In a large text corpus, some words will be very present (e.g. “the”, “a”, “is” in English) hence carrying very little meaningful information about the actual contents of the document. If we were to feed the direct count data directly to a classifier those very frequent terms would shadow the frequencies of rarer yet more interesting terms.

In order to re-weight the count features into floating point values suitable for usage by a classifier it is very common to use the tf–idf transform.

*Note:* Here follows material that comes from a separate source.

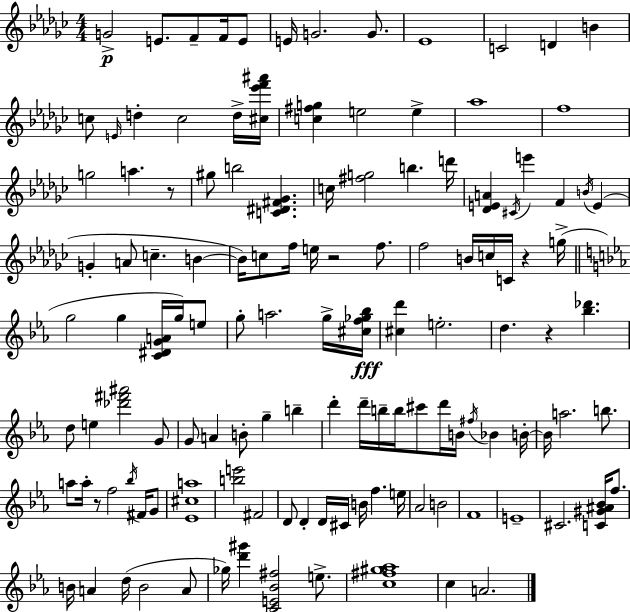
G4/h E4/e. F4/e F4/s E4/e E4/s G4/h. G4/e. Eb4/w C4/h D4/q B4/q C5/e E4/s D5/q C5/h D5/s [C#5,Eb6,F6,A#6]/s [C5,F#5,G5]/q E5/h E5/q Ab5/w F5/w G5/h A5/q. R/e G#5/e B5/h [C4,D#4,F#4,Gb4]/q. C5/s [F#5,G5]/h B5/q. D6/s [Db4,E4,A4]/q C#4/s E6/q F4/q B4/s E4/q G4/q A4/e C5/q. B4/q B4/s C5/e F5/s E5/s R/h F5/e. F5/h B4/s C5/s C4/s R/q G5/s G5/h G5/q [C4,D#4,G4,A4]/s G5/s E5/e G5/e A5/h. G5/s [C#5,F5,Gb5,Bb5]/s [C#5,D6]/q E5/h. D5/q. R/q [Bb5,Db6]/q. D5/e E5/q [Db6,F#6,A#6]/h G4/e G4/e A4/q B4/e G5/q B5/q D6/q D6/s B5/s B5/s C#6/e D6/s B4/s F#5/s Bb4/q B4/s B4/s A5/h. B5/e. A5/e A5/s R/e F5/h Bb5/s F#4/s G4/e [Eb4,C#5,A5]/w [B5,E6]/h F#4/h D4/e D4/q D4/s C#4/s B4/s F5/q. E5/s Ab4/h B4/h F4/w E4/w C#4/h. [C4,G#4,A#4,Bb4]/s F5/e. B4/s A4/q D5/s B4/h A4/e Gb5/s [D6,G#6]/q [C4,E4,Bb4,F#5]/h E5/e. [C5,F#5,G#5,Ab5]/w C5/q A4/h.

Tf means term-frequency while tf–idf means term-frequency times inverse document-frequency.

In [63]:
from sklearn.feature_extraction.text import TfidfVectorizer
In [64]:
tfidf = TfidfVectorizer()
In [65]:
transformer = tfidf.fit_transform(text_data)
transformer
Out[65]:
<5x20 sparse matrix of type '<class 'numpy.float64'>'
	with 22 stored elements in Compressed Sparse Row format>
In [66]:
transformer.toarray()
Out[66]:
array([[0.        , 0.        , 0.        , 0.        , 0.        ,
        0.        , 0.        , 1.        , 0.        , 0.        ,
        0.        , 0.        , 0.        , 0.        , 0.        ,
        0.        , 0.        , 0.        , 0.        , 0.        ],
       [0.        , 0.53177225, 0.        , 0.        , 0.        ,
        0.        , 0.        , 0.        , 0.659118  , 0.        ,
        0.        , 0.        , 0.        , 0.        , 0.        ,
        0.        , 0.        , 0.        , 0.        , 0.53177225],
       [0.32788062, 0.26453202, 0.        , 0.32788062, 0.32788062,
        0.        , 0.        , 0.        , 0.        , 0.32788062,
        0.        , 0.32788062, 0.        , 0.32788062, 0.        ,
        0.32788062, 0.32788062, 0.        , 0.        , 0.26453202],
       [0.        , 0.        , 0.        , 0.        , 0.        ,
        0.37796447, 0.37796447, 0.        , 0.        , 0.        ,
        0.37796447, 0.        , 0.37796447, 0.        , 0.37796447,
        0.        , 0.        , 0.37796447, 0.37796447, 0.        ],
       [0.        , 0.        , 1.        , 0.        , 0.        ,
        0.        , 0.        , 0.        , 0.        , 0.        ,
        0.        , 0.        , 0.        , 0.        , 0.        ,
        0.        , 0.        , 0.        , 0.        , 0.        ]])
dir(tfidf)
In [67]:
tfidf.vocabulary_
Out[67]:
{'hello': 7,
 'how': 8,
 'are': 1,
 'you': 19,
 'coming': 3,
 'to': 16,
 'my': 11,
 'place': 13,
 'is': 9,
 'that': 15,
 '100': 0,
 'confirmed': 4,
 'we': 17,
 'will': 18,
 'have': 6,
 'lot': 10,
 'of': 12,
 'fun': 5,
 'right': 14,
 'bye': 2}

According to word weight importance, we got the vector.